-- Exercise objective --
The output should hold exactly, and only, the lines from the line bearing "Sweet Ending to" through the last line of the listing below, and no pictures.

━━ Information provided

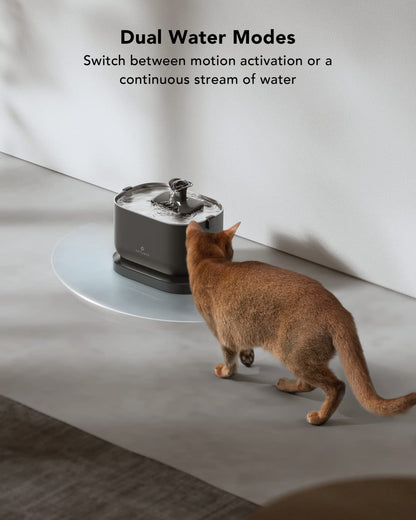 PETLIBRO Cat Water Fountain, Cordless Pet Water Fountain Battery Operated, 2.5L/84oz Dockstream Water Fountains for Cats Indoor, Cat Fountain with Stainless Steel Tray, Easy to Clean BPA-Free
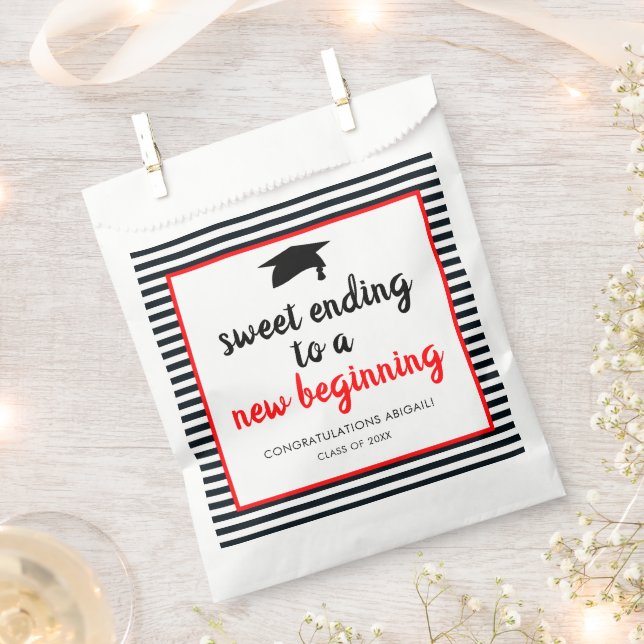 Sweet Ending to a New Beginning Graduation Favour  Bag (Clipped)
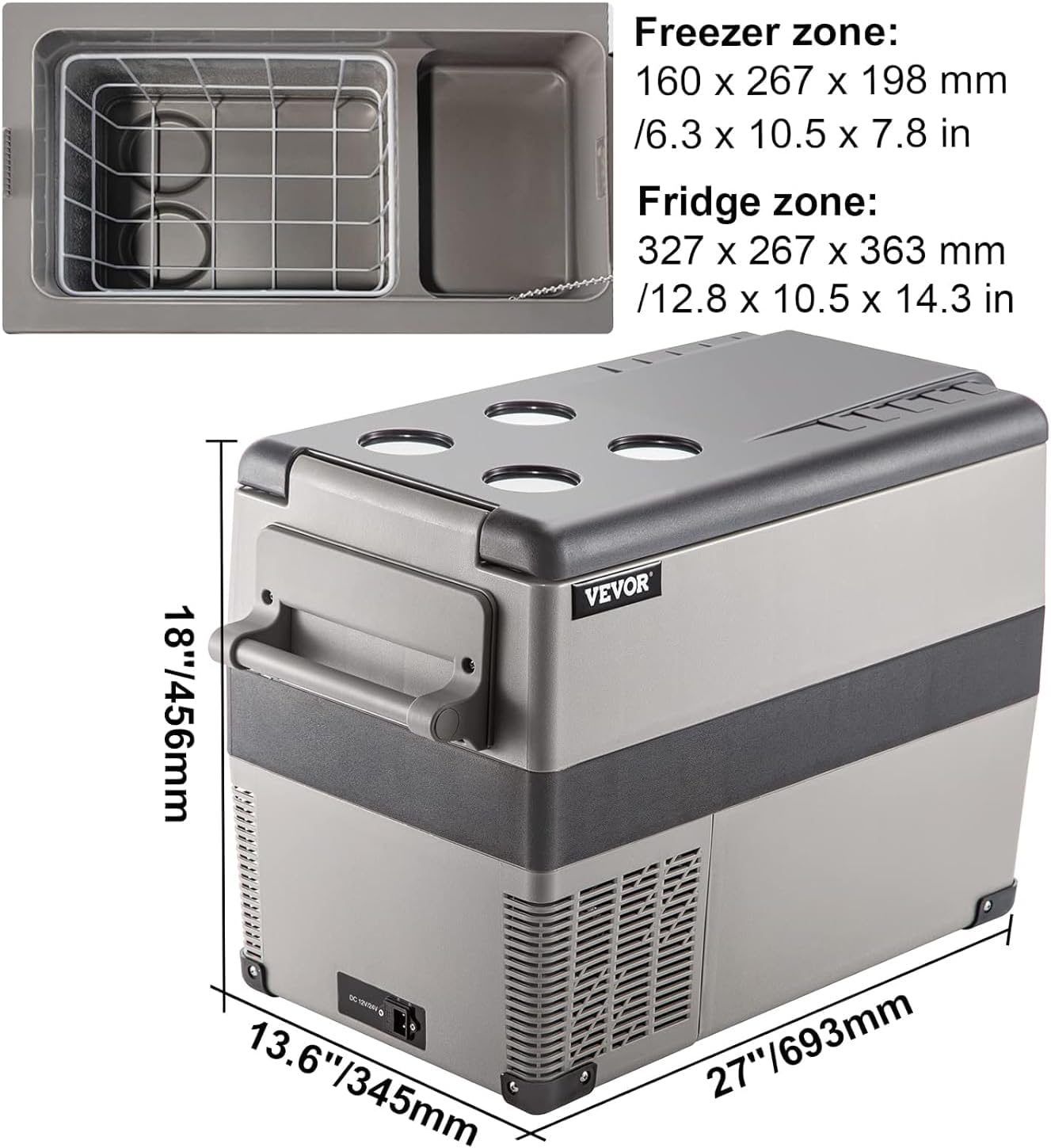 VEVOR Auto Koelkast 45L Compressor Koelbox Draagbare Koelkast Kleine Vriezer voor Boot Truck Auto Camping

━━━━

-- Answer section --
 Sweet Ending to a New Beginning Graduation Favour  Bag (Clipped)
 VEVOR Auto Koelkast 45L Compressor Koelbox Draagbare Koelkast Kleine Vriezer voor Boot Truck Auto Camping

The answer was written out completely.